Jensen is the local Shepard Fairey with his ICON brand and befezzed Capt. Kangaroo guy. I think I've seen some graffiti by Fresh; I register that big pink face as such, but my favorite part of the whole thing is the black/blue star with the eye in it. It's like the mark of the Ghetto Masons, which might not be too bad of a band name. I'm unfamiliar with Mayers' work but admire how he was willing to de-exquisitize the corpse a little by utilizing a different medium and not sticking so heavily to the script. Those three black lumps against the red at the bottom of his panel make me think of the silhouetted seats in Mystery Science 3000; in fact that penis/plant cropping out of one of them could be a robot. If that's what it is, bravo! MST3K is an excellent reference on the nature of collaboration.

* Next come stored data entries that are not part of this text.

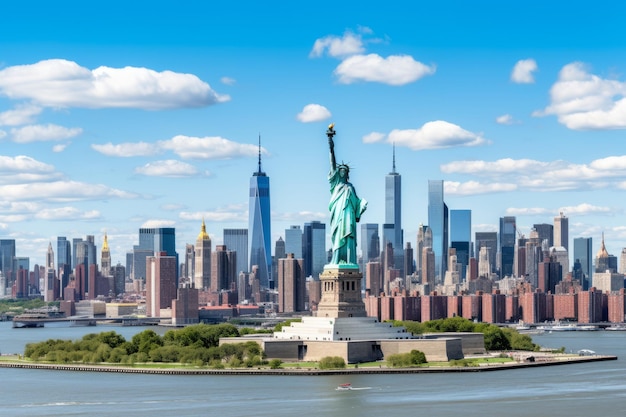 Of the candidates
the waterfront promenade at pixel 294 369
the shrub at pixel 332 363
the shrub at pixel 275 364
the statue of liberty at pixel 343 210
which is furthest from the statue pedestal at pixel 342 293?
the waterfront promenade at pixel 294 369

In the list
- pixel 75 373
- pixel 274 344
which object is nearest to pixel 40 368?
pixel 75 373

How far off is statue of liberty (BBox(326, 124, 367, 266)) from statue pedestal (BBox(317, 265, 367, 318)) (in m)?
0.84

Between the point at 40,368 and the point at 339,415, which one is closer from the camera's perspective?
the point at 339,415

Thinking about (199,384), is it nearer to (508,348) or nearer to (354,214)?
(354,214)

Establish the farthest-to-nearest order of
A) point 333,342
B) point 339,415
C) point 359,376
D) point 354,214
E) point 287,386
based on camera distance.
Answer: point 354,214
point 333,342
point 359,376
point 287,386
point 339,415

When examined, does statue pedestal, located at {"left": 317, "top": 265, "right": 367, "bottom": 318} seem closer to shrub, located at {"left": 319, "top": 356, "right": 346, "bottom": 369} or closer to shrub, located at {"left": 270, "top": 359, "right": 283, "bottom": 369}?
shrub, located at {"left": 319, "top": 356, "right": 346, "bottom": 369}

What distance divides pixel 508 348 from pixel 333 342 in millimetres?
23228

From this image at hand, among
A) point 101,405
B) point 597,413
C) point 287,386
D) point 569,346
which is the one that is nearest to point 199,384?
point 287,386

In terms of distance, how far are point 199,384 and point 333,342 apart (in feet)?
41.0

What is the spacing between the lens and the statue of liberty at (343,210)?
3954 inches

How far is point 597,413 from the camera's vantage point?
68938mm

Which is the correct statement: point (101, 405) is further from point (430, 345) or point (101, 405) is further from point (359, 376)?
point (430, 345)

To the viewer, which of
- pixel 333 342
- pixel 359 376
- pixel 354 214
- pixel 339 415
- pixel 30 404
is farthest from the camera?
pixel 354 214

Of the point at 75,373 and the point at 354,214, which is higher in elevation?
the point at 354,214
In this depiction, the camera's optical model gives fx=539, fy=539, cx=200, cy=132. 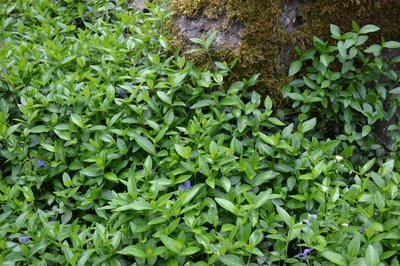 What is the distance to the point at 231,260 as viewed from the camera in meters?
2.38

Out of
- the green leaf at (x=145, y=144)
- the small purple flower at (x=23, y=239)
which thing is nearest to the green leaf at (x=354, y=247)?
the green leaf at (x=145, y=144)

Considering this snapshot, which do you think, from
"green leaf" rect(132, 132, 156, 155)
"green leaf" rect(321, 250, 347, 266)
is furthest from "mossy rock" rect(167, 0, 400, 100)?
"green leaf" rect(321, 250, 347, 266)

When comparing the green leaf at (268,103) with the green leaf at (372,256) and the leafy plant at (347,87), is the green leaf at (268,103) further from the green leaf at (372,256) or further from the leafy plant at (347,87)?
the green leaf at (372,256)

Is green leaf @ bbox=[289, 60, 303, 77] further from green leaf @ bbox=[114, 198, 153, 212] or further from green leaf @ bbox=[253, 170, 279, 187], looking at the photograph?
green leaf @ bbox=[114, 198, 153, 212]

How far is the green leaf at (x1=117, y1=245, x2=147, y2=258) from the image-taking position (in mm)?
2416

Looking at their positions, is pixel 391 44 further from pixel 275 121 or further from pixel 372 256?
pixel 372 256

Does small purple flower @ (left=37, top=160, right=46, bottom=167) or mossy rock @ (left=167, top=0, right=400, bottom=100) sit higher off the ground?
mossy rock @ (left=167, top=0, right=400, bottom=100)

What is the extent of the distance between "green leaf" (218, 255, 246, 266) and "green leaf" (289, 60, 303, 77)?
54.0 inches

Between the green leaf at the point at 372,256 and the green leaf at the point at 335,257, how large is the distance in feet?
0.33

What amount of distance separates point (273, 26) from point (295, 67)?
30 cm

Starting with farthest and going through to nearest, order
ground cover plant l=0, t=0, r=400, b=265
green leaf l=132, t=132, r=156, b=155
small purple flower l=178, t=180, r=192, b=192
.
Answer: green leaf l=132, t=132, r=156, b=155 → small purple flower l=178, t=180, r=192, b=192 → ground cover plant l=0, t=0, r=400, b=265

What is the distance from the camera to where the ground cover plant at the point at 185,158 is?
2508 millimetres

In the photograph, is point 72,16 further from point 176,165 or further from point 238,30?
point 176,165

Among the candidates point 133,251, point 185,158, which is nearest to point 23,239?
point 133,251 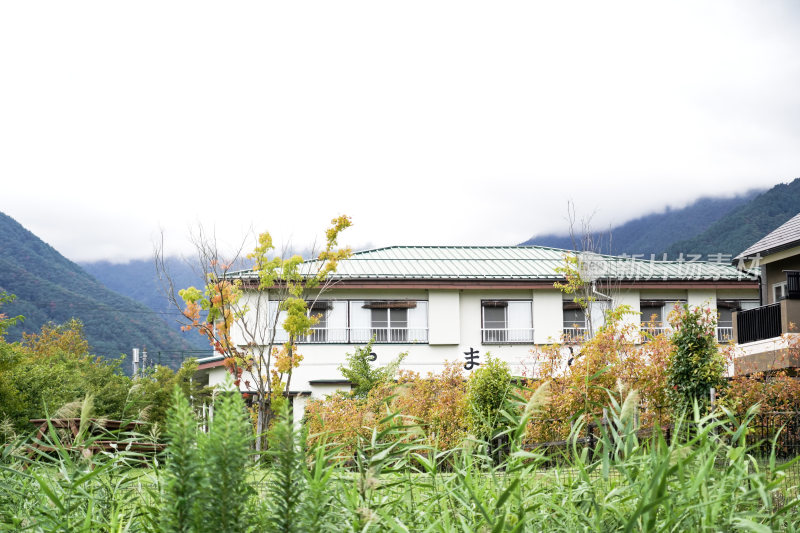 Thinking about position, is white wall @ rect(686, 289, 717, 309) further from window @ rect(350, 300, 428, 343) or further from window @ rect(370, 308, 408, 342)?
window @ rect(370, 308, 408, 342)

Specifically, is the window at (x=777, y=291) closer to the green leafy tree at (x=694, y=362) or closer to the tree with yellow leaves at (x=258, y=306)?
the green leafy tree at (x=694, y=362)

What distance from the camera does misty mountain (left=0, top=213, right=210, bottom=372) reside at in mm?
65688

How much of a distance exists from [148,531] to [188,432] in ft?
2.88

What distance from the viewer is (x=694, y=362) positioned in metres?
15.3

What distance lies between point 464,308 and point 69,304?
162ft

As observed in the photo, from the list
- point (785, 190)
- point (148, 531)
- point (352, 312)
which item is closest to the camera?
point (148, 531)

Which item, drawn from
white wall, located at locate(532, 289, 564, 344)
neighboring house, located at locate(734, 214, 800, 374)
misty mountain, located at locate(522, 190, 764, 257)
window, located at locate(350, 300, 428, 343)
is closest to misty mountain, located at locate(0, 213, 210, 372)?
window, located at locate(350, 300, 428, 343)

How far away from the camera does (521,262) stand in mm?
32500

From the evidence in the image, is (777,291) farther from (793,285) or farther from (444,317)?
(444,317)

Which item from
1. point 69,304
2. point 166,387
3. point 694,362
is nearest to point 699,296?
point 694,362

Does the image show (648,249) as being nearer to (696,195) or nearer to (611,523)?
(696,195)

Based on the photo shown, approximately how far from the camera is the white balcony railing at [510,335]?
97.4 ft

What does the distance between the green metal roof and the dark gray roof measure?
5737 mm

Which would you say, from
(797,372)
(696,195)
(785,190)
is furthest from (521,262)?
(696,195)
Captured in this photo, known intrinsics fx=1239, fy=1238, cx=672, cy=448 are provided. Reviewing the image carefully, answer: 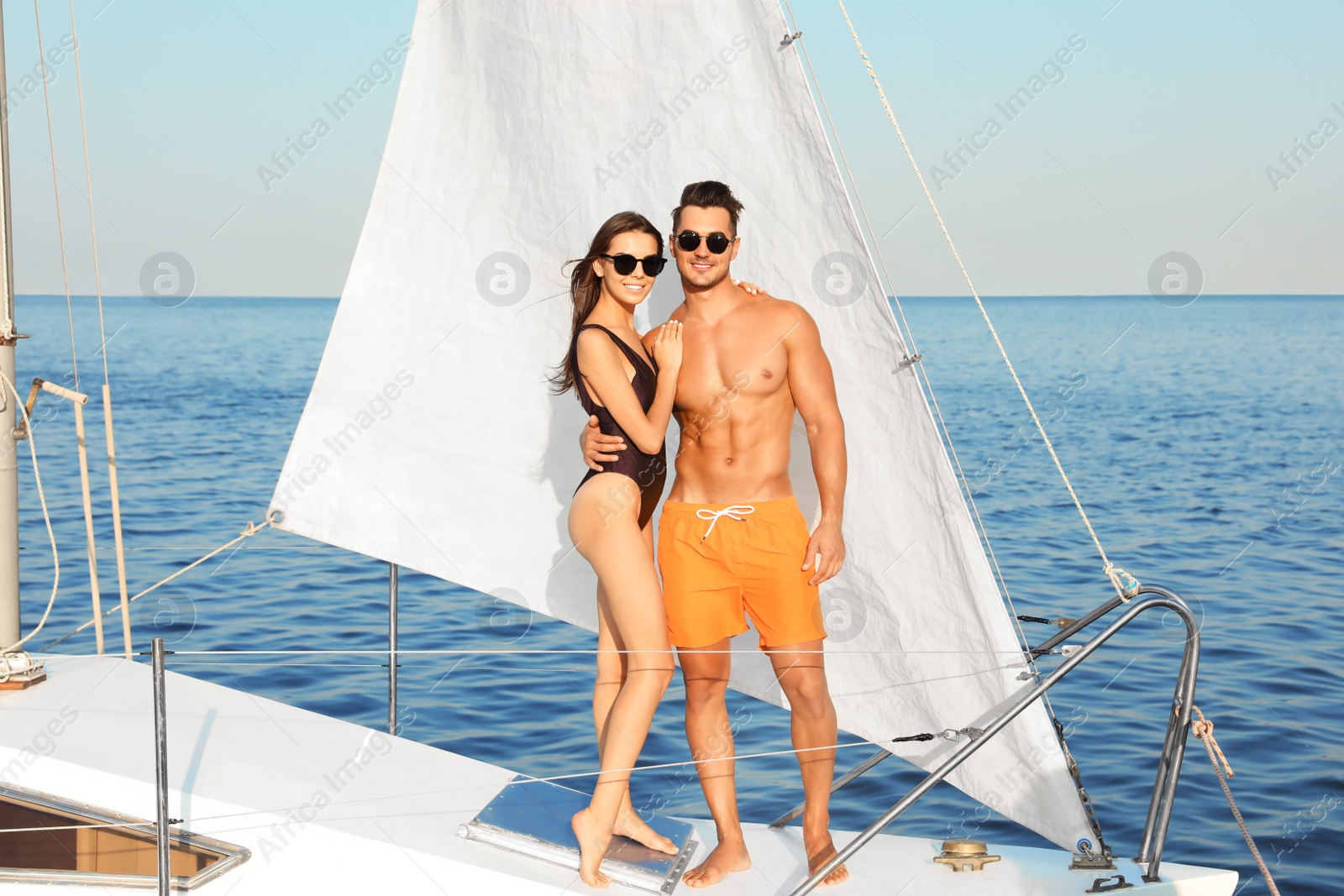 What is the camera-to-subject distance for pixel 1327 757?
745 centimetres

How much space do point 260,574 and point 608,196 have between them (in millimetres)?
8083

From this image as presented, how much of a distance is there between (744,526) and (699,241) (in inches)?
33.8

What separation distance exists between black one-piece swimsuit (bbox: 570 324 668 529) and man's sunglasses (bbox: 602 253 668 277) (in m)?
0.18

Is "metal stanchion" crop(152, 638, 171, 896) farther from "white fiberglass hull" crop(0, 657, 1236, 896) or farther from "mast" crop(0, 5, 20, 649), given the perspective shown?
"mast" crop(0, 5, 20, 649)

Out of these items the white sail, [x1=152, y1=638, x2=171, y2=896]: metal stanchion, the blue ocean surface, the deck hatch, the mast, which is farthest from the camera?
the blue ocean surface

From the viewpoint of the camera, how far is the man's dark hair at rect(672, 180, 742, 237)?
11.9ft

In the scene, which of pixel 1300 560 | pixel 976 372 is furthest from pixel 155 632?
pixel 976 372

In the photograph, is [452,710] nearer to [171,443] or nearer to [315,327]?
[171,443]

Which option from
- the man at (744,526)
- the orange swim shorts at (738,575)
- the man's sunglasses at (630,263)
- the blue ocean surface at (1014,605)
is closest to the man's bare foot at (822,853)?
the man at (744,526)

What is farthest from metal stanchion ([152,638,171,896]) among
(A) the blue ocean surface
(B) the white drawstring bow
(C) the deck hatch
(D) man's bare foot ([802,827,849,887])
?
(D) man's bare foot ([802,827,849,887])

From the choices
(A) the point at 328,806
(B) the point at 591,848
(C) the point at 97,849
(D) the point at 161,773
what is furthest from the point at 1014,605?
(D) the point at 161,773

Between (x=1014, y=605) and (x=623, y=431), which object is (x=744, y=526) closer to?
(x=623, y=431)

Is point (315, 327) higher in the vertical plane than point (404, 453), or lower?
higher

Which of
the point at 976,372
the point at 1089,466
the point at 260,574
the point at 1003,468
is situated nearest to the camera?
the point at 260,574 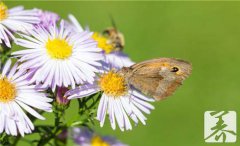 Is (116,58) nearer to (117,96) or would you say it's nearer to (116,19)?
(117,96)

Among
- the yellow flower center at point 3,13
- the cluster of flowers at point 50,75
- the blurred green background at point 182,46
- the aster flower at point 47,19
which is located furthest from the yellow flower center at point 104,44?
the blurred green background at point 182,46

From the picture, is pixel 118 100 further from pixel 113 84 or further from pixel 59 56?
pixel 59 56

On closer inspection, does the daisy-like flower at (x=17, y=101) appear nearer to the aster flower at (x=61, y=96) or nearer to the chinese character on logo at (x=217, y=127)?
the aster flower at (x=61, y=96)

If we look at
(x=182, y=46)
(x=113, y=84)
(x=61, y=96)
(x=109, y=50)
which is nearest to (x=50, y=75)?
(x=61, y=96)

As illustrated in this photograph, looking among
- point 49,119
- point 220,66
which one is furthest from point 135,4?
point 49,119

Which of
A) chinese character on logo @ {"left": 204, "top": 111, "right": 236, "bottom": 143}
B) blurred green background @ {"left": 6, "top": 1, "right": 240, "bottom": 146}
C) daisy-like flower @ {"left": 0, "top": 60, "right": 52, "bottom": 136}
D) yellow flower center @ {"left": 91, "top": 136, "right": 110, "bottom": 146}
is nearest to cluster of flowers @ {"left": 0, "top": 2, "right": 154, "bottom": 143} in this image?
daisy-like flower @ {"left": 0, "top": 60, "right": 52, "bottom": 136} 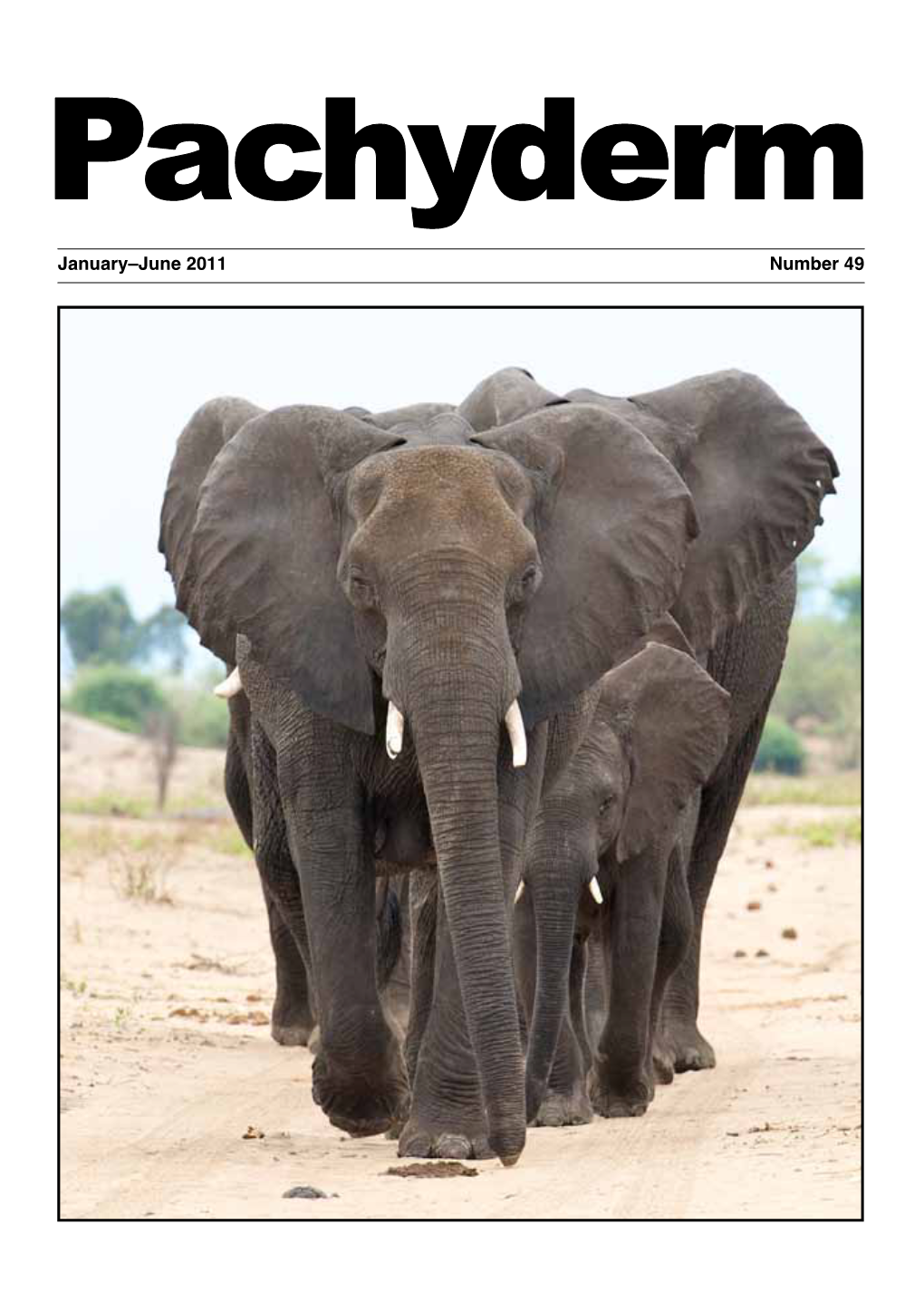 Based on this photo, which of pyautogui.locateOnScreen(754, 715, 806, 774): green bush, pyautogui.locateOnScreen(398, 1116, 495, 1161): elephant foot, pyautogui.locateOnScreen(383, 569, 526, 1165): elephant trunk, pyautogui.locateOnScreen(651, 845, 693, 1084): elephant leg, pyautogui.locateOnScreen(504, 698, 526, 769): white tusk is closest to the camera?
pyautogui.locateOnScreen(383, 569, 526, 1165): elephant trunk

- Would John McIvor be offended if his Le Promenade made me think of bubblegum angrily smeared on a picture of flowers; an innocent's quick revenge against tyranny? Would Squeeze be offended if I said the same of their 1977 material on The Complete BBC Sessions? I mean both in the best possible way.
John McIvor, Le Promenade. 1960. Oil on canvas.
Squeeze, "The Knack"
For me, the two Dwight Twilley Band albums are huge, particularly "Twilley Don't Mind." The odd thing is that those records are so mannered and cool, but when he's onstage, he acts like he's playing Madison Square Gardens and trying to get the nosebleed section involved where there are only a few hundred people in the room. It's a little awkward to say the least.